Titik 0 KM Anyer-Panarukan sebagai
saksi bisu terbentuknya jalur penghubung Anyer-Panarukan sepanjang 1000
kilometer dibangun pada masa pemerintahan Raja Willem III tahun 1885 yang
dipimpin oleh Jendral Deandles dengan memanfaatkan tenaga kerja rakyat
Indonesia. Saat itu, tak terhitung berapa banyak tenaga pekerja yang melayang
dalam pembuatan jalan tersebut. Pekerja yang bekerja membangun jalan tidak
diberi upah dan hanya diberi makan. Makanan yang dimakan pun seadanya berupa
bonggol pisang, singkong yang diawetkan, dan gadung yang diolah sedemikian rupa
berdasarkan informasi dari narasumber Bapak Sidiq yang bertugas sebagai penjaga
tempat wisata selama 1 tahun. Jaman dahulu pendidikan masih sangat rendah
sehingga banyak rakyat yang mudah dibodohi oleh Pemerintah Hindia–Belanda yang
menjajah Indonesia 3,5 abad lamanya. Indonesia sudah mengalami kemajuan tahap
demi tahap namun Bangsa Eropa (Belanda) sudah lebih dulu memiliki persenjataan
lengkap sehingga Belanda memperluas daerah kekuasaan dengan memanfaatkan
situasi dan kondisi.
Bahwasannya titik terberat
pembangunan jalan Anyar–Panarukan terletak di daerah Sumedang, tepatnya daerah
Cadas Pangeran. Adapun bukti peninggalan sejarah berupa Mercusuar yang terletak
di desa Cikoneng, Anyer-Banten. Sebelumnya, bangunan pertama terletak dekat
dengan bibir pantai. Akibat bencana alam letusan gunung Krakatau tahun 1883 dan
termakan usia akibatnya pondasi mengalami kerusakan dan hancur karena tidak
kuat menahan beban. Dua tahun setelah letusan, pemerintah Hindia–Belanda
membangun kembali mercusuar dengan pondasi yang lebih kuat dan kokoh setinggi
30 m yang terletak +/- 200 m dari bibir pantai. Hal ini bertujuan untuk
menghindari abrasi dan korosi akibat air laut. Pembentukan Mercusuar guna
membantu penerangan sekaligus sebagai pemandu bagi kapal yang berlayar dengan
tujuan komersil karena dianggap letaknya strategis. Sampai saat ini, Mercusuar
masih digunakan oleh Dirjen Perhubungan Laut sebagai alat bantu navigasi kapal
laut yang melintasi Selat Sunda. Menara Mercusuar selalu berada di Tanjungan
agar terlihat oleh orang maupun kapal yang berlalu lalang.

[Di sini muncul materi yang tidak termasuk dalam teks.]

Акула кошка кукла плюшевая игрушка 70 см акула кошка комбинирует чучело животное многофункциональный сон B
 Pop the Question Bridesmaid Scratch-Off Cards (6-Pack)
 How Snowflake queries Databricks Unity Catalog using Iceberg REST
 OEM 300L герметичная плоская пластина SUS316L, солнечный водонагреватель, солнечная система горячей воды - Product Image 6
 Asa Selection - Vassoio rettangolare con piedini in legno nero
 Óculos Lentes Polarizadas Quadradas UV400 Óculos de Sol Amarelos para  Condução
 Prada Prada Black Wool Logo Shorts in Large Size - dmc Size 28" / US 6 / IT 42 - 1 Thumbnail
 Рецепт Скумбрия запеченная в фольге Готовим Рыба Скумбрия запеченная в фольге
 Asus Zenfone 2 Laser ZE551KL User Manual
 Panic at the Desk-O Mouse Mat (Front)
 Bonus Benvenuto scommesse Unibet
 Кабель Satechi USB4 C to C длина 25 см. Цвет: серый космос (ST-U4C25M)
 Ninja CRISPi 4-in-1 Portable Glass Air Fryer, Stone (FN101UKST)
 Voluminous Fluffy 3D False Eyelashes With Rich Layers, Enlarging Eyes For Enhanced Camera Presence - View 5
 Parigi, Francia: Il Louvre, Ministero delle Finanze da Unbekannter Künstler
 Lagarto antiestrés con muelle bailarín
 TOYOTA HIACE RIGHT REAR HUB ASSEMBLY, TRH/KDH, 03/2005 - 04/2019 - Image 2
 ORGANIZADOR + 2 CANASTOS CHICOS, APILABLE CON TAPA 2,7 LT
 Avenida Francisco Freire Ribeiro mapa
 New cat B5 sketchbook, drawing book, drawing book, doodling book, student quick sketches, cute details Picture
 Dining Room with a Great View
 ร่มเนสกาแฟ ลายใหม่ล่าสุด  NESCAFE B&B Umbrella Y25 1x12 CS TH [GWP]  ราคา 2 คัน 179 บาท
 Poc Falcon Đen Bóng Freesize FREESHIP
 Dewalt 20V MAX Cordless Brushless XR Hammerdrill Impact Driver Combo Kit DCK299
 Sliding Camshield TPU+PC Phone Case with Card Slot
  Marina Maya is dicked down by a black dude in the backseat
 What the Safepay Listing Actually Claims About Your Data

Pada malam hari, lampu mercusuar
masih aktif digunakan untuk menyinari perairan Selat Sunda. Saat ini, mercusuar
dibuka untuk umum sehingga wisatawan dapat melihat bagian dalam bangunan dan
bahkan naik sampai puncaknya. Untuk bisa mencapai puncak mercusuar, anda harus
melalui 18 tingkatan dengan 16 anak tangga. Setelah sampai, kelelahan akan
terbayar dengan pemandangan nan indah. Tapi sayang saat itu saya tidak
menaikinya, dikarenakan tak ada yang mendampingi saya turut serta. Alasan
klasik yang dibuat oleh teman saya ini yaitu kakinya masih sakit, entahlah
kenapa dia mungkin hanya beralasan saja. Selain bisa mengunjungi tempat
bersejarah ini, anda pun dapat beristirahat sejenak karena disediakan homestay
untuk bisa menikmati suasana pantainya. Harga penginapan mulai dari Rp 1.000.000–
Rp2.000.000/homestay/malam yang terdiri dari 2–3 kamar.